Stored data:
·····
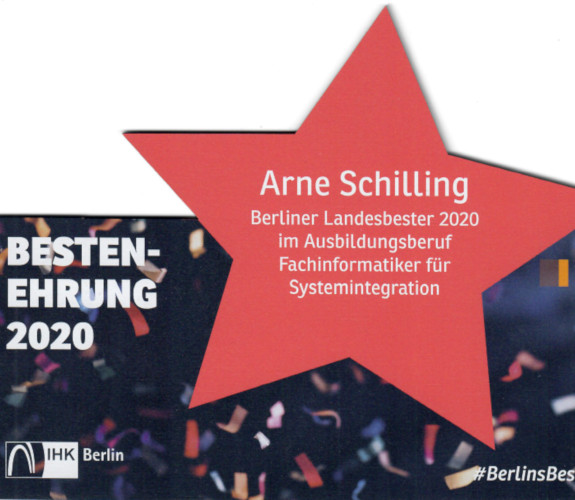 Arne Schilling - Landesbester Berlin 2020 im Ausbildungsberuf Fachinformatiker für Systemintegration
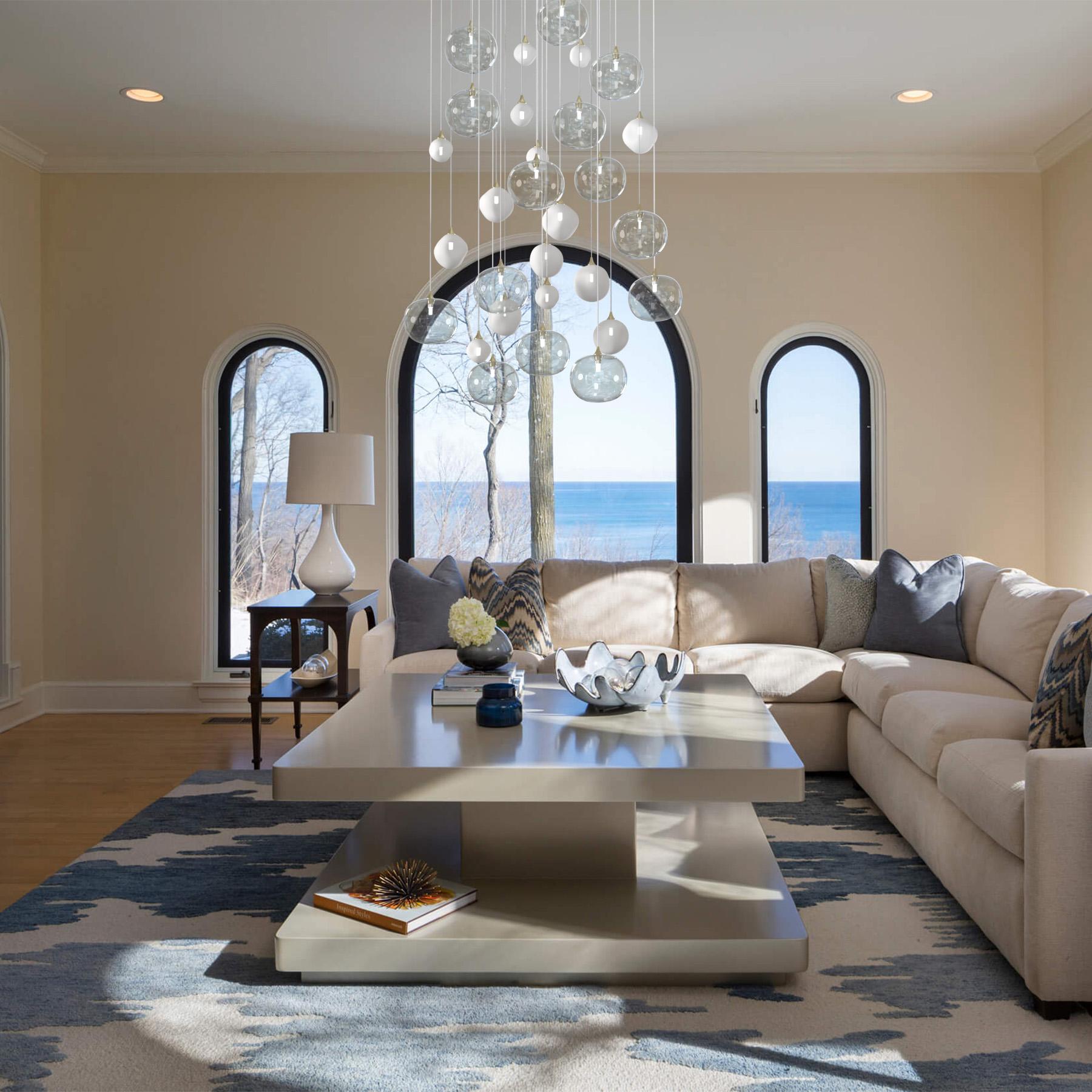 American Allure Chandelier Clear Globes and Frosted White Geometric hand-blown glass. LED For Sale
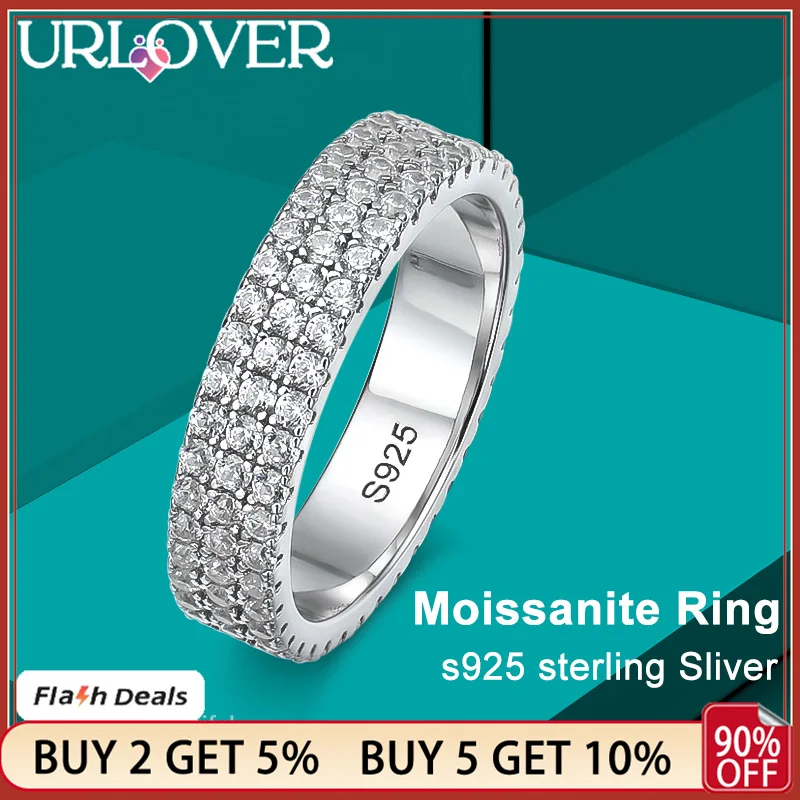 Кольцо URLOVER D VVS1 с муассанитом женское обручальное кольцо круглым бриллиантом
·····
Exercise description: The data above is to be printed exactly, all of it, except for the pictures.

Answer to the problem:
 Arne Schilling - Landesbester Berlin 2020 im Ausbildungsberuf Fachinformatiker für Systemintegration
 American Allure Chandelier Clear Globes and Frosted White Geometric hand-blown glass. LED For Sale
 Кольцо URLOVER D VVS1 с муассанитом женское обручальное кольцо круглым бриллиантом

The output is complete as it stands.